2)  Are Filipinos more or less assertive than most?
First of all we need to agree what “assertiveness” is.  In a spectrum of emotions with “Passive” being on one end and “Aggressive” being on the other end, psychologists cite “Assertiveness” as being slap-bang in the middle.  An assertive individual is neither passive nor aggressive.  This does not mean that they never lose their temper when the occasion warrants it.  It merely means that the assertive individual responds to each situation with the appropriate behaviour. In particular, when there is a conflict, the assertive individual will not only defend and protect their own wants and needs.  They will also defend and protect the wants and needs of the person with whom they are at conflict. I’m OK, you’re OK.  Or for those of you who are into Transactional Analysis – assertive people use “Adult to Adult” dynamics in their dealings with people rather than “Parent to Child” dynamics.  The foundation or human quality that is needed for assertive behaviour is simply positive self-esteem.
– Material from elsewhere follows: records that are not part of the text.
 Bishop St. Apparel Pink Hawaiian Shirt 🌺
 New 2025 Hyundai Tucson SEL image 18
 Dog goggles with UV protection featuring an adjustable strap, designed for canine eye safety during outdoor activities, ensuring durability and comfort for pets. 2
Are Filipinos naturally assertive?

To be brief and succinct, in general the answer is “No”. Indeed, one of our National Heroes, Jose Rizal, wished for Filipinos to have more “amor propio” which in today’s modern emotional intelligence language could be translated as “self-esteem”.

But do not worry - all is not lost!  Actually there are very few cultural races that are assertive.  This is precisely why most of us would benefit from some form of assertiveness training.  Assertiveness does not come naturally to the majority of people and even after assertiveness training, as with most things, practising the skills still takes time to “perfect”.
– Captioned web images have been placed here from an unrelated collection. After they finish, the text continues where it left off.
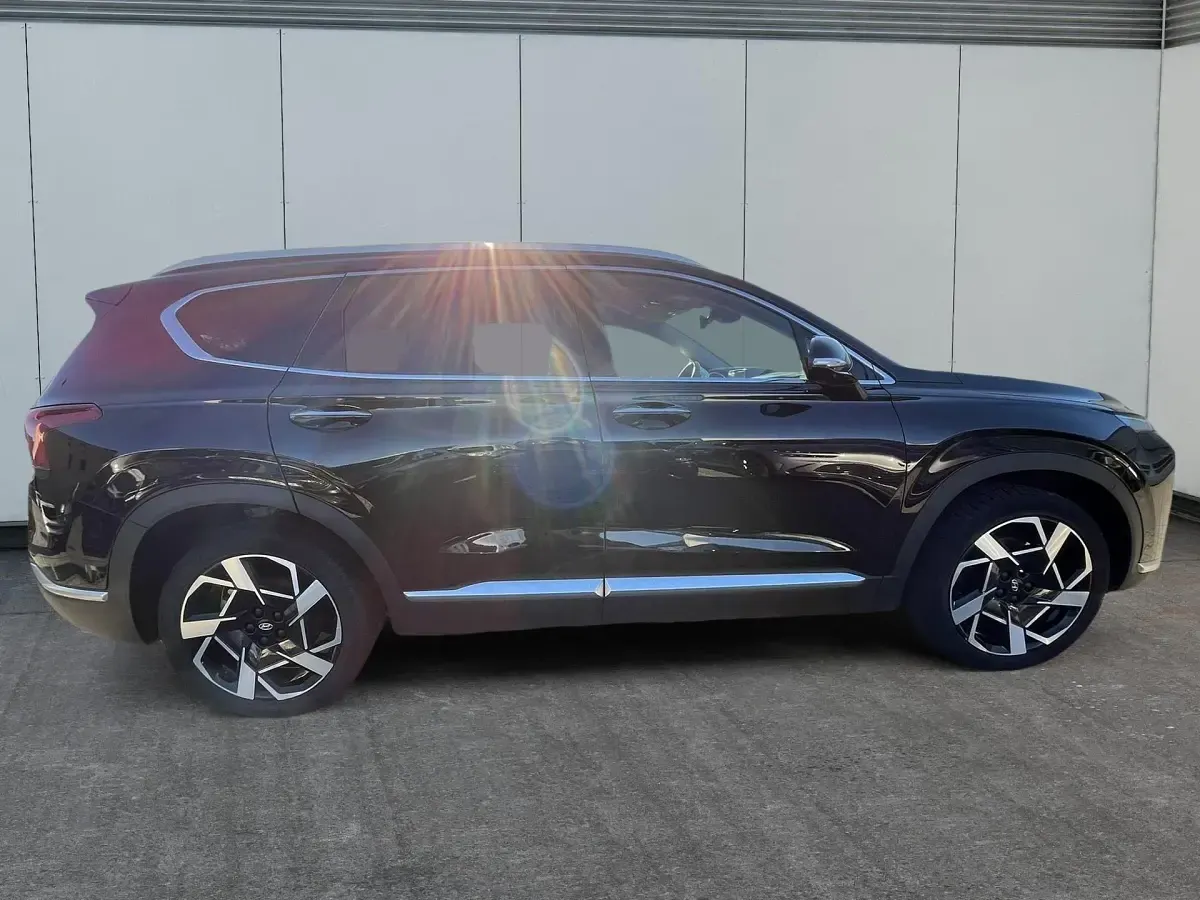 Gebraucht Hyundai Santa Fe Prime 202 PS (148 kW) 2023 Abyss black SUV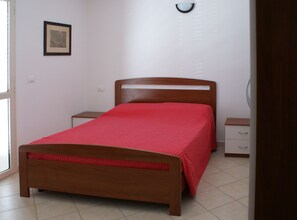 3 chambres, fer et planche à repasser, lit parapluie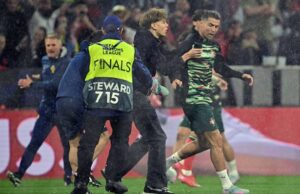 El guardaespaldas de Cristiano Ronaldo levanta la tapa en una gran cantidad que ganaría y realiza la admisión de ‘amenaza’ A fan attempts to get a selfie with Portugal's forward Cristiano Ronaldo during the warm up prior to the UEFA Nations League semi-final football match between Germany and Portugal in Munich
So, why are we Filipinos, in general and as a cultural race, not assertive?  Speaking very generically we are not assertive for four main reasons:

1.  our history

2.  our religion

3.  our family traditions of honouring and respecting our elders

4.  our language, cultural norms and expectations

Our History

Not that I want to make you all repeat “Philippine History 101” but looking back on what our forefathers (and mothers) endured over the centuries in the history of our great nation does help to give us an insight into our psychological archetypes.  A quick recap:  Despite centuries of the Filipinos enjoying an independent and thriving culture led by our Datus (chieftains) through Baranggay (village) units and our being regarded as sound and profitable traders by our neighbouring countries, our relatively more recent history as a colony of Spain for over 300 years and being governed by America for over 50 years has left us with a somewhat deep-seated belief system of “inadequacy”.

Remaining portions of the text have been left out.